この産経の記事でも、「阪堺線に対する市の考えを示してほしいが、その間にも赤字が拡大する」(阪堺側のコメント)とあるように阪堺側には待ったなしの状況ですから、そういうことも大いに考えられるかも知れません。

ともかく、堺市が正式に中止を申し入れたことから、これまで以上に更に堺市の交通政策、その中での阪堺線の位置づけ、そして具体的な支援策を提示できるかどうか、という点を早急に解決しなければならなくなりました。
果たしてそれだけの覚悟を竹山市長は持っているのか。それとも交通政策はどうでもよく、ただ単に自らのマニフェストを実現できればそれでいいのか。
私も注視しておきたいと思いますが、ここは堺市民の皆様にも是非ともチェックして欲しいところだと思っています。

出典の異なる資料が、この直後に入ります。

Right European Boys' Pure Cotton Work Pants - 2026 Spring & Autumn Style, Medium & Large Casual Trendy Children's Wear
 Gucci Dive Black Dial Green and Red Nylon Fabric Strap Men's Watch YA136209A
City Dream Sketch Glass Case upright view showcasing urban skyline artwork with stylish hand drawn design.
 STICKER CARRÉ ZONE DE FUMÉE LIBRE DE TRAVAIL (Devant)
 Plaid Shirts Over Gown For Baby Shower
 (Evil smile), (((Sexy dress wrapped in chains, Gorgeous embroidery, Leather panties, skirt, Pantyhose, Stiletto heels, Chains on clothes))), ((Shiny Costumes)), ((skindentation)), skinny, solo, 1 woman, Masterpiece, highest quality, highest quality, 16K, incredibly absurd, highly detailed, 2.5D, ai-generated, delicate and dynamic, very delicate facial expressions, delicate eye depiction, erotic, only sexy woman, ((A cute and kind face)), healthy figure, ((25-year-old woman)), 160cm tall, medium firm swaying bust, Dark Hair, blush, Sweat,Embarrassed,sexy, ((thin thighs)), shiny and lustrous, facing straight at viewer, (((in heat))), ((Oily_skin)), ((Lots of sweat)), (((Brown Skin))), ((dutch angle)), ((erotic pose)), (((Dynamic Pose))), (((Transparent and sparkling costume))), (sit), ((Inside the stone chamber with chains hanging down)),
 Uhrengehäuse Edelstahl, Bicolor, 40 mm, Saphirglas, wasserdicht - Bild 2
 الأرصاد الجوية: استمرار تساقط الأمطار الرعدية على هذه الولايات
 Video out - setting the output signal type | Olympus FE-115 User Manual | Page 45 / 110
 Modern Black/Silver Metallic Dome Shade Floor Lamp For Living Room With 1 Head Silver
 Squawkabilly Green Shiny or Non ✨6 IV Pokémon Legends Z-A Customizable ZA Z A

堺市LRT計画関連予算の減額が市議会建設委員会で否決、本会議でも否決の見込み

堺市LRT計画については、新市長当選・計画中止の経緯はこのブログでも述べてきたところですが、今回の堺市議会では計画中止にともない、当初予算にて計上されていたLRT計画実施関連の予算を減額する補正予算案が提出されていました。

「補正予算」というと、先般のエコポイント・景気対策関連予算でもイメージされるように、年度はじめの予算に対して追加計上する予算というイメージが大きいとは思いますが、逆に今回のように、年度途中で方針見直しによって執行しなくなった予算を減額することも、補正予算ではままあり得ることです。

ところでこのLRT関連減額の補正予算案が市議会の建設委員会で否決された旨、ニュースとして掲載されていました。

LRT中止 堺市議会委が予算否決(読売新聞Webページ)

市長はLRT中止を一つのマニフェストとして掲げて当選しましたが、市議会の方はLRT中止ということではなく、他に活性化の方策が具体的に見えてこないのにLRT計画を中止して予算を減額することはできない、という意向でしょうか。

これを受けて、市議会の4会派は、LRT中止に伴う減額を取りやめる補正予算案の修正案を本会議に提出するとのニュースも掲載されていました。
堺市長“公約”LRT中止、議会4会派は認めず整備費予算提出へ(MSN産経ニュース)

「民意」という点で言えば、市長も市議会議員も選挙で選ばれているだけに、これだけ見てもどっちが民意なのか捉えづらい問題とも言えます。
(勿論ここでは、市長と市議会の定員や選挙時期の違いといった点は考慮に入れず、ただ単に代表を選ぶ間接民主主義が民意を反映しているはずだ、という点から述べています)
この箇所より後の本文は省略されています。